Der thematische Ruf dieser Woche erklärt unser Verständnis, wie wir die Wirkung Gottes verstehen, und folglich wie wir den Bibeltext auslegen. Jedes Wort in der Hl. Schrift verstehen wir sowohl einzeln, aber auch als Sätze, Absätze oder gar Bücher als das „Wort Gottes“, und selbst dort, wo keine direkte Rede aufgeschrieben ist, denken wir so, als ob die biblische Aussage aus dem Mund Gottes ausgesprochen wurde.
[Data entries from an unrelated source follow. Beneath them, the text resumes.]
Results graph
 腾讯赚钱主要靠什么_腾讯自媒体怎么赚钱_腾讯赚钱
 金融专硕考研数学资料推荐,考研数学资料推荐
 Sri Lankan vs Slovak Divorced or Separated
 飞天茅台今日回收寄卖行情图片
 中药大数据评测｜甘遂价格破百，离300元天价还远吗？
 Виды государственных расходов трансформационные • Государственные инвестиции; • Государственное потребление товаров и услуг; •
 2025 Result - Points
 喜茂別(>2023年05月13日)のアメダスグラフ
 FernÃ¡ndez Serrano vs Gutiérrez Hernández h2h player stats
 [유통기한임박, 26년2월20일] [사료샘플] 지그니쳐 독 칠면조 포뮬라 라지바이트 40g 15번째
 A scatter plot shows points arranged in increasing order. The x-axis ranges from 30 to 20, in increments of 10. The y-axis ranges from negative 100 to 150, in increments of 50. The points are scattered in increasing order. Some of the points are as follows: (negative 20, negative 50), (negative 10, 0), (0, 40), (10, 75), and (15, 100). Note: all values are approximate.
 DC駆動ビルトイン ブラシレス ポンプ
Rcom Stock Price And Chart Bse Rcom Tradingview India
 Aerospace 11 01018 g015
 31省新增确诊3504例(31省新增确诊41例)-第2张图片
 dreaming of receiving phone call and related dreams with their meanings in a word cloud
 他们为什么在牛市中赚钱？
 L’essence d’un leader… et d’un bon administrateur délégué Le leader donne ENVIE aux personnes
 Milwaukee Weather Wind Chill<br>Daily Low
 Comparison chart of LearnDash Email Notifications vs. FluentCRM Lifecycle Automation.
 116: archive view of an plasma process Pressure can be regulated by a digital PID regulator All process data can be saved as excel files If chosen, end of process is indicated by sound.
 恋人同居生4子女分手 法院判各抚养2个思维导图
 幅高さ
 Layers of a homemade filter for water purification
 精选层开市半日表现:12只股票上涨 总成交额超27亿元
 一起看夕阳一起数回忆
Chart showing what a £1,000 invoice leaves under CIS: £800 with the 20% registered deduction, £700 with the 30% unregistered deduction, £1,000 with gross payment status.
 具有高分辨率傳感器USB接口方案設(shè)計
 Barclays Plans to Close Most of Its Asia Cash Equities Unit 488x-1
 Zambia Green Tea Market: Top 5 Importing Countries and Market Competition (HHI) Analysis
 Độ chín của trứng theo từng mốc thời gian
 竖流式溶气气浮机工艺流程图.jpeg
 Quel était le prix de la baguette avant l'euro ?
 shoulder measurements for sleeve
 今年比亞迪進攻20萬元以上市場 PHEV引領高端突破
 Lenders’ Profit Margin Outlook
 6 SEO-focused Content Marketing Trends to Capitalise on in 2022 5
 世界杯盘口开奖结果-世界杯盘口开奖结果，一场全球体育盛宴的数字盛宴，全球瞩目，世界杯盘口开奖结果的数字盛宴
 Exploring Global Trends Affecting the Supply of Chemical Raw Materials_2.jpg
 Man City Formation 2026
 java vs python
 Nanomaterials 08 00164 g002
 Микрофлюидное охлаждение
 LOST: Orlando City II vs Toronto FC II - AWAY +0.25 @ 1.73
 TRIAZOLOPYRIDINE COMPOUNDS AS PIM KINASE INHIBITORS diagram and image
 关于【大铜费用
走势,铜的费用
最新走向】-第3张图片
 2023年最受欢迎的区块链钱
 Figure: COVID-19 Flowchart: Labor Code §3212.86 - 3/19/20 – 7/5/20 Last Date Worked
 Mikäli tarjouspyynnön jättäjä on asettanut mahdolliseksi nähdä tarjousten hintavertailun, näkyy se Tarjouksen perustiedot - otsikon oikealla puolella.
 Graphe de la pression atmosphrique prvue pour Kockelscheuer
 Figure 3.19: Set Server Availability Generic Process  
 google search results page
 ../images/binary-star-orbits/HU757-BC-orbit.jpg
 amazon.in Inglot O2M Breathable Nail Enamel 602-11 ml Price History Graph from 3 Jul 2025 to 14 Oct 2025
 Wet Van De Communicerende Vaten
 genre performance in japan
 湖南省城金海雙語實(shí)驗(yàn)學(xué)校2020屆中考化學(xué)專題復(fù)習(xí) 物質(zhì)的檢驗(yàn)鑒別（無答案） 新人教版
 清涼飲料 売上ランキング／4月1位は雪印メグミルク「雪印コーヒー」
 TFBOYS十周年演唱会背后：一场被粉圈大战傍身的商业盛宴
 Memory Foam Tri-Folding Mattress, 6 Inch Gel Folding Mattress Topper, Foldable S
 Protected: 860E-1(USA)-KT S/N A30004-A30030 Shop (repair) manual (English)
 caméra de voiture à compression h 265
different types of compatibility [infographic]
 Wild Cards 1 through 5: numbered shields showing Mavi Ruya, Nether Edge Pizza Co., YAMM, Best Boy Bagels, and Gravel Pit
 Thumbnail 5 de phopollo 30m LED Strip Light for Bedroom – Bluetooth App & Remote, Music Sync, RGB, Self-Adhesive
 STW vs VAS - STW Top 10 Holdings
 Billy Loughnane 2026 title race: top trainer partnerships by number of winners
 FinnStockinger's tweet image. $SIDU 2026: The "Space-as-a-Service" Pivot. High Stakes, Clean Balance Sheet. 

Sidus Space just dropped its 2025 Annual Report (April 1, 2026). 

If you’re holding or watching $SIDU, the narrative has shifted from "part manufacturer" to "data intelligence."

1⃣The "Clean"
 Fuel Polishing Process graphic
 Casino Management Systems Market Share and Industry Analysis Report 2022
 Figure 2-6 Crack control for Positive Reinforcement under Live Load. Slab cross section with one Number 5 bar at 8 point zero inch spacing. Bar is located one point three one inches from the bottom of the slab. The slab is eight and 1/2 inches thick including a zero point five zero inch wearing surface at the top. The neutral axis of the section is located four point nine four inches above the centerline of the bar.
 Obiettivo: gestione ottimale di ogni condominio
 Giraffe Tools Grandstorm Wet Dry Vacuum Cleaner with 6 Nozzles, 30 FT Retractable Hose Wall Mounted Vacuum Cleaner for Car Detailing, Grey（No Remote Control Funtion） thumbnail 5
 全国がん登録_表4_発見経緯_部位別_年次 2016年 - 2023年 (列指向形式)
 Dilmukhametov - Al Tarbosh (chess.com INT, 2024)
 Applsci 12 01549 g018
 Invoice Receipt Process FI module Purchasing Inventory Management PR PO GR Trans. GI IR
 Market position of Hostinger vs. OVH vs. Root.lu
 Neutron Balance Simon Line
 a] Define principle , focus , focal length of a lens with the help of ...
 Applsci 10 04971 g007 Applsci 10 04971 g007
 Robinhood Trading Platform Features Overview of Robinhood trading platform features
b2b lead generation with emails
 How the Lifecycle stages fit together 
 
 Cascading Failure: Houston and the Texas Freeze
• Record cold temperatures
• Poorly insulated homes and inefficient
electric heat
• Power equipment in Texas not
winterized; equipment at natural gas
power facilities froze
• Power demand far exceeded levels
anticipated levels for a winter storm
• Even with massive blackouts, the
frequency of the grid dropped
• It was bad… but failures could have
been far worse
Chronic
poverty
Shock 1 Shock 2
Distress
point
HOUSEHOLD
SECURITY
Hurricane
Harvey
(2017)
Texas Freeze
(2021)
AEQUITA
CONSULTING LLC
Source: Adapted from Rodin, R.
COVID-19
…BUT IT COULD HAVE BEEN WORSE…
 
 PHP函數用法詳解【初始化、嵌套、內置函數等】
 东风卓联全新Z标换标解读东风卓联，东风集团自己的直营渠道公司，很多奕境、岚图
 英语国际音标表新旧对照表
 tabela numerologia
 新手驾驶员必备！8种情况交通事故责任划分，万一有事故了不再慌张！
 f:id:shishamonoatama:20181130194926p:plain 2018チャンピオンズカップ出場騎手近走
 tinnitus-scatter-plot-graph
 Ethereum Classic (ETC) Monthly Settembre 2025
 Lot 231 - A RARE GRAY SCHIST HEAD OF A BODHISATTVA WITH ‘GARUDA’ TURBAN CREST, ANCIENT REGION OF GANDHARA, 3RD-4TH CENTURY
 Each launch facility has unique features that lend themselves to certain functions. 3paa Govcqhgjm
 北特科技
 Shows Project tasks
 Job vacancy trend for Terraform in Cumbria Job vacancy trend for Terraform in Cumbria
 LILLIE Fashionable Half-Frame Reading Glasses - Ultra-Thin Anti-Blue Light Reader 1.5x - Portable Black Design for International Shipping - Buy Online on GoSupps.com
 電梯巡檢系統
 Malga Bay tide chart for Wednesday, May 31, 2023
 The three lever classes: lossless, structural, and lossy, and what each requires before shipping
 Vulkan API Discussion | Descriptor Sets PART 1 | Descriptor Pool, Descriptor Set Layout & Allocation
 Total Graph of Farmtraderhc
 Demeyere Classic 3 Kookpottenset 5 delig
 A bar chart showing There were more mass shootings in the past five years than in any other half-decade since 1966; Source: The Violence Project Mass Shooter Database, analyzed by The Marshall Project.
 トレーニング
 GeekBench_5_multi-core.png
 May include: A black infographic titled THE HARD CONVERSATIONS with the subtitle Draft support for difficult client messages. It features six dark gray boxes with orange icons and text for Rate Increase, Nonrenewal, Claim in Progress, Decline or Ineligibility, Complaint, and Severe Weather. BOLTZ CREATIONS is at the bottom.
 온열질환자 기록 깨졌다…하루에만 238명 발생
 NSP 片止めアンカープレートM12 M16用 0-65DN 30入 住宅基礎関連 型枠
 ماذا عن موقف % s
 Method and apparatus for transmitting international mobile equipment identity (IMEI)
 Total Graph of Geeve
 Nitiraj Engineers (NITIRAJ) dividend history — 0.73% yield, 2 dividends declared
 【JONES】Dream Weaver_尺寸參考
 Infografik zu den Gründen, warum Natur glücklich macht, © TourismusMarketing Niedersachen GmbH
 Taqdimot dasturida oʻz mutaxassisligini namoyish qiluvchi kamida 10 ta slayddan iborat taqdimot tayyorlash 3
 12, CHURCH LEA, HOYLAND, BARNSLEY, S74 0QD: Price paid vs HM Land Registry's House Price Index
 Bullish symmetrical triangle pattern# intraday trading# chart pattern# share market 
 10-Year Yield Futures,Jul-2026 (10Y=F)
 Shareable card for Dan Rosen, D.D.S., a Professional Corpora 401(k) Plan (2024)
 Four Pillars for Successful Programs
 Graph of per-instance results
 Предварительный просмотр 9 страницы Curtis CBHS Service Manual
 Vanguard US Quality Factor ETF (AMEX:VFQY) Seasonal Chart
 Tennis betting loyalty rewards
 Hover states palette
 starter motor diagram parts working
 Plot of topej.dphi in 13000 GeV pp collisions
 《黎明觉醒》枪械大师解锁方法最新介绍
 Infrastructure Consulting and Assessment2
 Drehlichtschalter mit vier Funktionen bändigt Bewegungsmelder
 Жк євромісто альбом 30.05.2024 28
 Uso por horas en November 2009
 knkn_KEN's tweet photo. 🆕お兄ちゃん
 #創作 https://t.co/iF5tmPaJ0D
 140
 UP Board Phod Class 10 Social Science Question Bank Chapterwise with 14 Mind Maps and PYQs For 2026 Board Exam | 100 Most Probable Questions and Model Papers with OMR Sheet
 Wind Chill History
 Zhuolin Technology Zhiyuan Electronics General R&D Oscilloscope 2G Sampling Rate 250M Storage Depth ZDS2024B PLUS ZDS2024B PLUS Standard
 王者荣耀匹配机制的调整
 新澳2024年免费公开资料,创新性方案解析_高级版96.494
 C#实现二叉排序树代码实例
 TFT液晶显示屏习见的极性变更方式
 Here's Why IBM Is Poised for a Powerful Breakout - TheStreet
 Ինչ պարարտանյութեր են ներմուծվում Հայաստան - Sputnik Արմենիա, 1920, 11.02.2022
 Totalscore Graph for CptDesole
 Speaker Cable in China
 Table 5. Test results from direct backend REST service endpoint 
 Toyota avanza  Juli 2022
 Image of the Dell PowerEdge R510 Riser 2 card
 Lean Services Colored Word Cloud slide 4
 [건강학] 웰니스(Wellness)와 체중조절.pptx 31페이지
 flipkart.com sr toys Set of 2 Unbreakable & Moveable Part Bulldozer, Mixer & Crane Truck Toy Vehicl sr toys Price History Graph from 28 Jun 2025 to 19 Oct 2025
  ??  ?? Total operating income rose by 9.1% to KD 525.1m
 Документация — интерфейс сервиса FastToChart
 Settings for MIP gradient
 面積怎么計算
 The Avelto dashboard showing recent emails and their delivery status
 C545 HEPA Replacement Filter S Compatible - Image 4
Ein solches Verständnis haben wir aus der Berufung Mose’s gelernt, als Gott über Aaron sprach: „Er wird für dich der Mund sein, und du wirst für ihn Gott sein.“ (Ex. 4, 16b) Die beiden Brüder aus dem Stamm Levi, welche das Verhältnis zwischen den Propheten und Priestern darstellen und welche beide jeweils Opferhandlungen zum Heil des Volkes vollzogen, stellen im geistlichen Sinn ebenso das göttliche Verhältnis in der Heiligsten Dreifaltigkeit dar, den Gottessohn gegenüber Gott, unserem Vater. Jesus ist, als unser Hoherpriester und als einziges Wesen, welches aus der Wesenheit Gottes hervorkam, der Mund für Gott, und sein Vater ist Gott für unseren Erlöser. Es sind jedoch nicht zwei, sondern im Heiligen Geist ist es der eine Gott unseres Glaubens.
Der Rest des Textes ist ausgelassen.